Re: SOAP's prohibiting use of XML internal subset from Chris Lilley on 2002-11-29 (www-tag@w3.org from November 2002)

From: Chris Lilley <chris@w3.org>
Date: Fri, 29 Nov 2002 12:57:53 +0100
To: www-tag@w3.org, "Mark Nottingham" <mnot@mnot.net>
CC: "Tim Bray" <tbray@textuality.com>, "Paul Grosso" <pgrosso@arbortext.com>
Message-ID: <1626797296.20021129125753@w3.org>

On Monday, November 25, 2002, 11:15:06 PM, Mark wrote:

Tim Bray (I believe) wrote:
>> - That granted, forbidding an internal subset seems kind of dumb.
>> Speaking as an XML processor implementor, the extra code required is
>> hardly detectable and the performance gain not significiant.
>> Furthermore, every XML processor in the world just silently does the
>> internal subset and it's going to cost *extra work* for SOAP
>> implementations to check that they haven't.  I.e. you can't use an
>> ordinary off-the-shelf non-validating XML processor.

MN> Perhaps the WG has a good reason for this prohibition; have they been
MN> asked?

I discussed this with Yves Lafon the other day. The argument that a
message in a protocol has to be self-standing is fairly compelling -
it can't just buffer up while some other resource is fetched (perhaps
using a different protocol).

I have seen similar arguments for SVG Tiny - although it is deployed
in a bandwidth-challenged environment, bandwidth is not the major issue
and an SVG Tiny SVG file may well be larger than an equivalent SVG
Full if it includes raster images (using the data: protocol and
base64 encoding) because an MMS message that ses SVG needs to be
stand-alone and convey all the resources it will need for display.

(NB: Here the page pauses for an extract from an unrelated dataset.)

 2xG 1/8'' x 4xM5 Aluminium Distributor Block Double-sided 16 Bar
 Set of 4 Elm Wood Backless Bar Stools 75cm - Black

The
latency of the protocol means that fetching a secondary resource would
give noticeable lag times (several seconds, rather than several tens
of milliseconds) and, in the case of phone to phone messaging (in
other words, P2P) there *is* no server that can be asked for any
secondary resources - its a one-shot push not a pull.

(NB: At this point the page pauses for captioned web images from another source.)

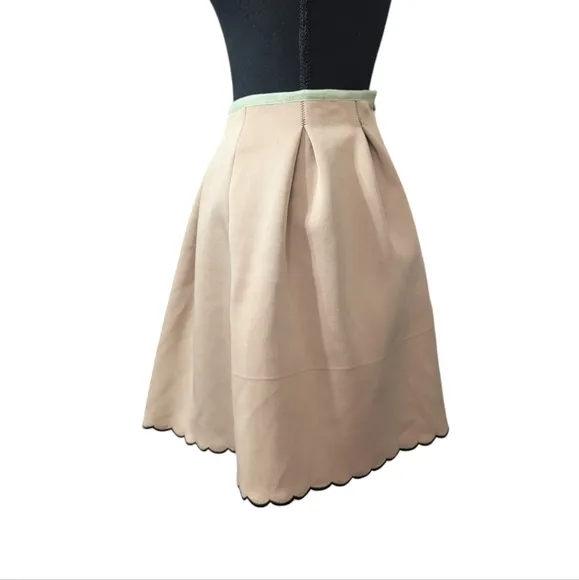 Manoush Neo Jupe Pleated A-Line Tan Black Knee Length Skirt Scalloped Edges 10
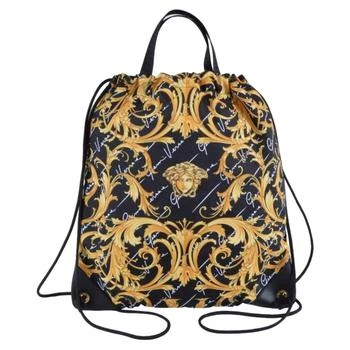 Versace | Women's Nylon Barocco Signature Print Drawstring Backpack In Black
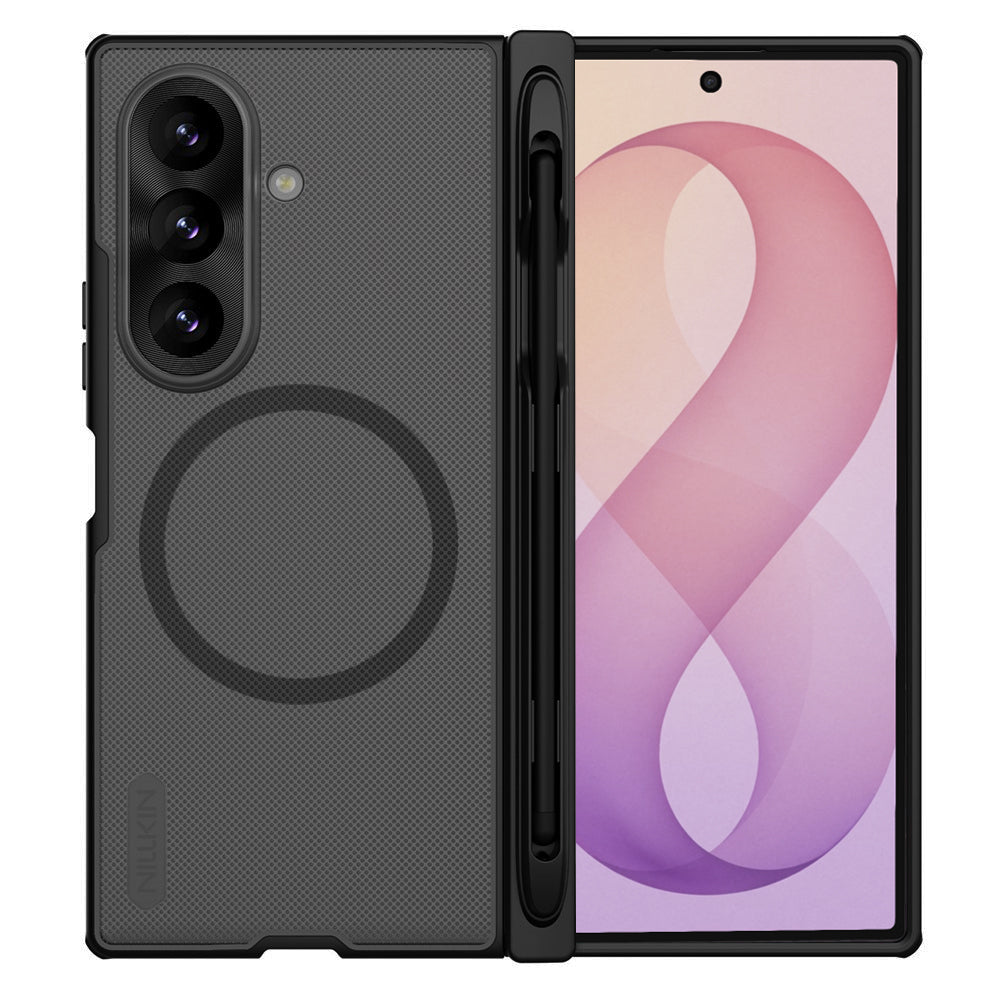 MagSafe-hoesje voor Samsung Galaxy Z Fold8 Ultra F976, Nillkin, Super Frosted Shield met pennenhouder, Zwart Transparant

The other argument that I have heard is the twin security holes of

 a) an external parsed entity that deliberately is large, or on a
 server that deliberately operates at a few bytes a minute

 b)  a power-series entity expansion DoS attack:

<!ENTITY x "abcdefg">
<!ENTITY x2 "&x;&x;">
<!ENTITY x3 "&x2;&x2;">
<!ENTITY x4 "&x3;&x3;">
<!ENTITY x5 "&x4;&x4;">
<!ENTITY x6 "&x5;&x5;">
<!ENTITY x7 "&x6;&x6;">
<!ENTITY x8 "&x7;&x7;">
<!ENTITY x9 "&x8;&x8;">
<!ENTITY xa "&x9;&x9;">
<!ENTITY xb "&xa;&xa;">
<!ENTITY xc "&xb;&xb;">
<!ENTITY xd "&xc;&xc;">
<!ENTITY xe "&xd;&xd;">
<!ENTITY xf "&xe;&xe;">

x is 8 bytes long (in UTF-8; 16 bytes as a DOMString) xf is 128kb long
(256k as a DOM string).

It would be fairly trivial to have an entity that was some terrabytes
in size using this method.

But then I ask myself - does SOAP prohibit messages that are over
large due to the simpler and less devious method of just having a very
large message?

-- 
 Chris                            mailto:chris@w3.org

Received on Friday, 29 November 2002 06:57:58 UTC